Equity markets sold off again today in the wake of an announcement from the Trump Administration that it plans to impose steep tariffs on steel and aluminum imports and recent Congressional testimony from new Fed Chairman Jerome Powell. The S&P 500 closed lower by 1.3% and the yield on the 10-year U.S. Treasury note fell to 2.81% from yesterday’s close of 2.86%. The U.S. Dollar index also slid after the President’s announcement. Asian stock markets were poised to open sharply lower in response.
Markets were spooked by the President’s White House announcement as not much in the way of specific details were provided. Stocks of companies that are heavy users of steel and aluminum, such as General Motors and Boeing, were particularly hard hit.

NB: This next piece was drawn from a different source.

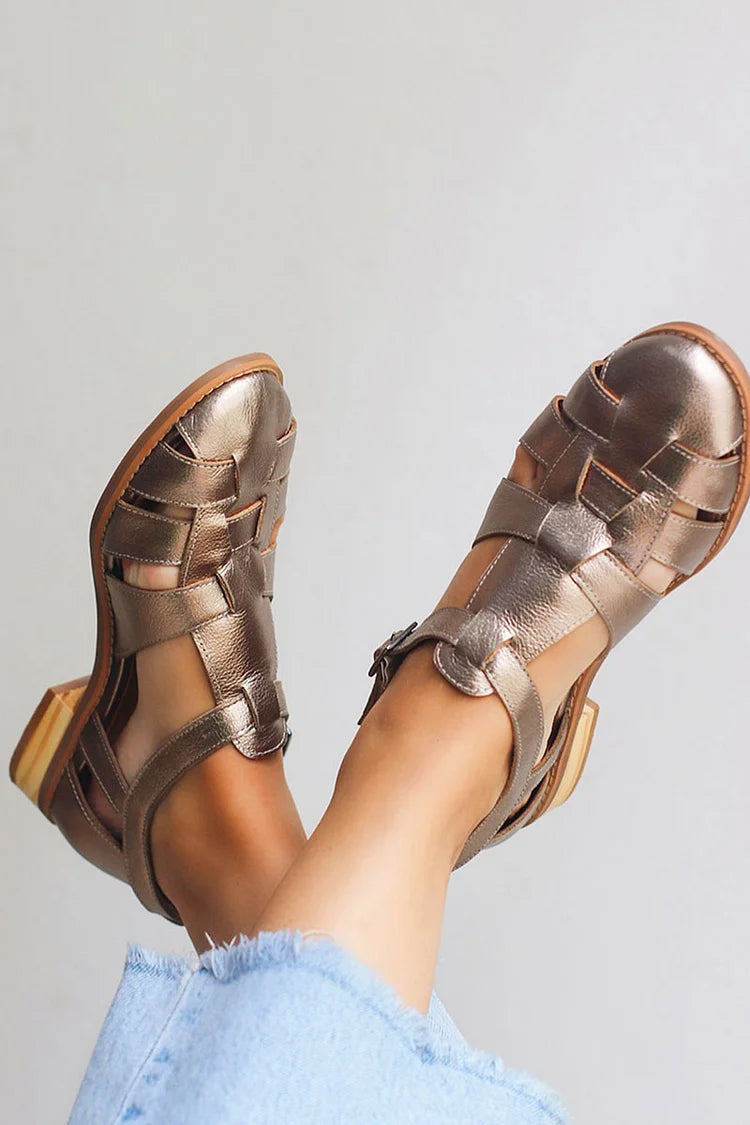 Ballerines métalliques brillantes Champagne à bout rond et entrelacées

Our perspective is that there are no winners in a trade war. Our trading partners will not sit idly by without reacting. High-value U.S. exports, such as beef, aircraft, motorcycles, and bourbon to name a few, could easily be targeted for retaliatory tariffs. It is also a bearish signal for the U.S. dollar.
Messing with the global trading system is dangerous. As I wrote in a Macro Brief recently, “…one important development that should concern investors is the creeping restraint on the relatively free flow of goods and services across national borders. Disturbing well-established trading relationships and having politicians decide winners and losers in a competitive global marketplace is not a recipe for continued prosperity. The world was plunged into the Great Depression back in the 1920s in part due to the imposition of a massive tariff wall, better known as the Smoot-Hawley tariff, which resulted in the seizure of global trade flows.”
Fortunately, President Trump still has time to assess any possible reprisals or recriminations from this action. The President loves a rising stock market and he does have a penchant for changing his mind. Perhaps the market reaction will lead to a reassessment before an official order is signed in the next week.
Meanwhile, up on Capitol Hill, Mr. Powell met with the House Financial Services Committee on Wednesday and the Senate Banking Committee today for the Fed’s regularly scheduled Humphrey-Hawkins testimony. His relatively hawkish comments suggest that perhaps the Fed is willing to raise its short-term policy rate (the federal funds rate) more aggressively over the course of this year.
Powell, like former Chairman Janet Yellen and most of the economists on the Fed’s staff, stubbornly cling to the discredited Phillips Curve model, which posits an inverse relationship between unemployment and inflation. Powell believes that economic growth is inflationary; as the economy expands, the unemployment rate drops and workers begin receiving higher wages, this necessarily will lead to higher levels of inflation. The Fed will then attempt to cool an “overheating” economy by jacking up interest rates.
Investors are concerned that perhaps the Fed may get too far ahead of its skis since market-based inflation expectations still remain fairly benign.
On the other hand, there is likely considerable political pressure on the Fed to allow American workers to experience rising wages after a long period of tepid gains. This view suggests that Powell may end up moving more slowly on rate increases than his testimony to Congress implied.
Bottom line: As investors digest these events, it is best to prepare for greater levels of volatility ahead. Policy errors, whether fiscal, monetary, trade, or regulatory, can be very disruptive to markets and it appears we are entering a period of greater uncertainty on a number of fronts.